22. La pauvreté a souvent des conséquences dramatiques. Les études montrent de manière systématique qu’il existe une forte relation de cause à effet entre suicide, tentative de suicide et pauvreté. Outre ces cas extrêmes, la pauvreté finit par détruire le tissu social. Les personnes exposées au risque de pauvreté ou vivant actuellement en dessous du seuil de pauvreté n’ont souvent pas accès à un logement décent et leurs enfants ont plus de difficultés à accéder à l’éducation.

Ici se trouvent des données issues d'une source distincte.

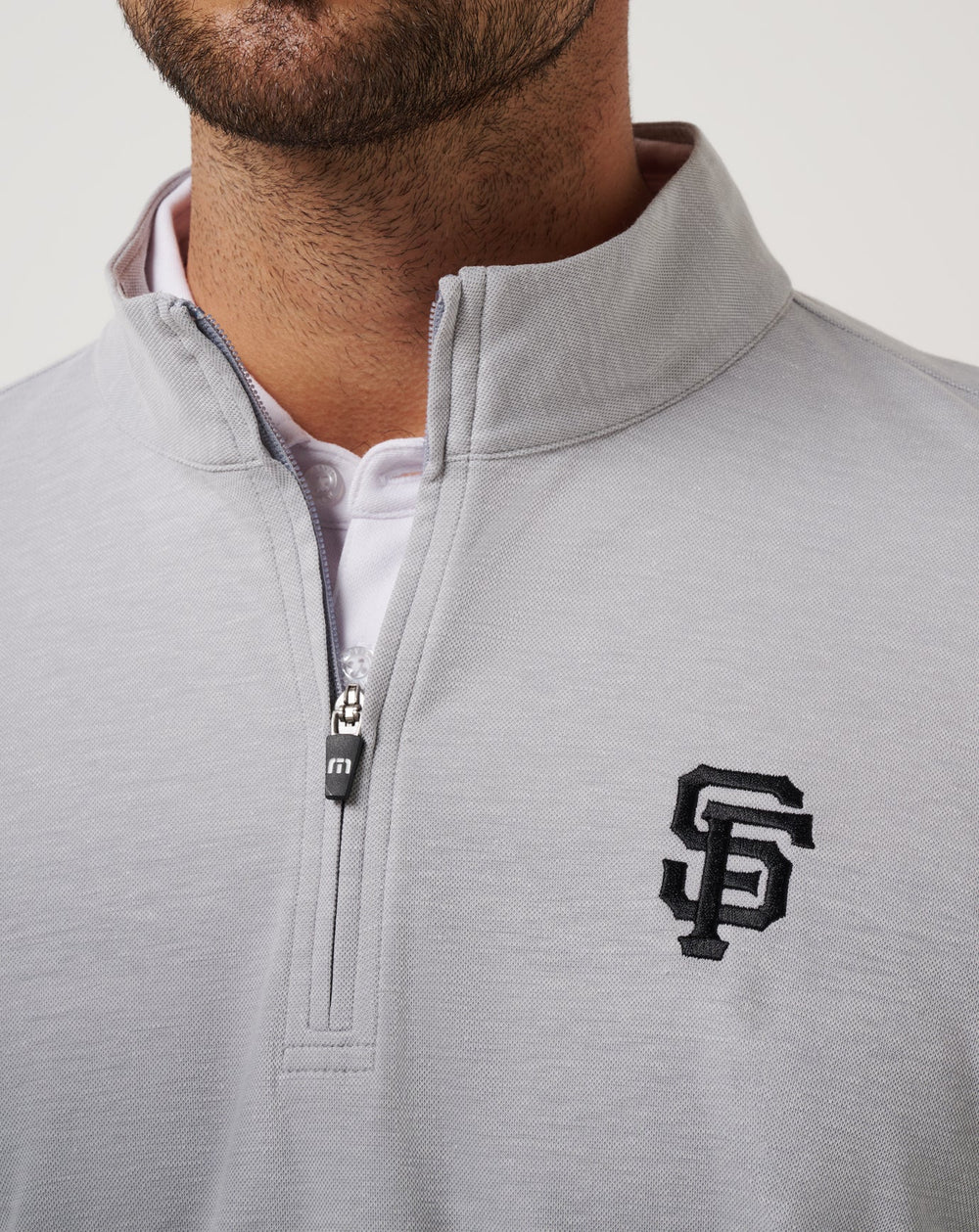 San Francisco Giants Time To Tailgate Quarter Zip Men|New/Heather Grey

23. Je ne peux que souscrire à l’appel lancé par la commission des questions sociales, de la santé et de la famille au Comité des Ministres pour qu’il revoie son programme d’activités et prenne des mesures transversales pour lutter contre la pauvreté et améliorer l’accès des personnes touchées par la pauvreté à l’ensemble des droits de l'homme – civils, politiques, économiques, sociaux et culturels.
24. Etant donné que les femmes sont plus particulièrement touchées par la pauvreté, il est essentiel que les initiatives et mesures prises en la matière reposent sur une approche tenant compte de la dimension genre. L’ensemble des politiques et des programmes visant à éradiquer la pauvreté et à lutter contre l’exclusion sociale devraient être élaborés en intégrant une perspective homme/femme, aux niveaux international et national.
25. D’autre part, l’exemple des pays scandinaves montre qu’il est possible d’améliorer la participation des femmes au marché du travail en élaborant et en mettant en œuvre une politique sociale de grande envergure. Ces avancées ont notamment été rendues possibles en proposant des services de garde d’enfants gratuits ou à des coûts abordables. Les systèmes de congé parental et de maternité contribuent également à une participation élevée des femmes au marché du travail.
26. Dans ce contexte, je souhaiterais rappeler la pertinence de la résolution et du plan d’action sur «L’égalité entre les femmes et les hommes: combler le fossé entre l’égalité de jure et de facto», adoptés en 2010 lors de la 7e réunion de la Conférence du Conseil de l'Europe des ministres responsables de l’égalité entre les femmes et les hommes à Bakou.
27. La résolution en question invite le Comité des Ministres à développer des politiques et des mesures spécifiques, notamment des actions positives, y compris des mesures temporaires spéciales, pour éliminer toute forme de discrimination à l’encontre des femmes et combler le fossé entre l’égalité de jure et de facto. Elle recommande également que des mesures soient prises dans des domaines tels que l’aménagement du temps de travail, la suppression des discriminations entre les femmes et les hommes sur le marché du travail, notamment les inégalités salariales et le développement des services, avec les moyens financiers appropriés, en faveur des familles.
28. Les Etats membres du Conseil de l'Europe devraient faire tout ce qui est en leur pouvoir pour mettre en œuvre ces recommandations et soutenir le plan d’action. La réalisation de l’égalité de fait entre les femmes et les hommes est l’un des objectifs majeurs de notre Organisation et contribue également à ce que l’Europe devienne une société plus juste et plus riche.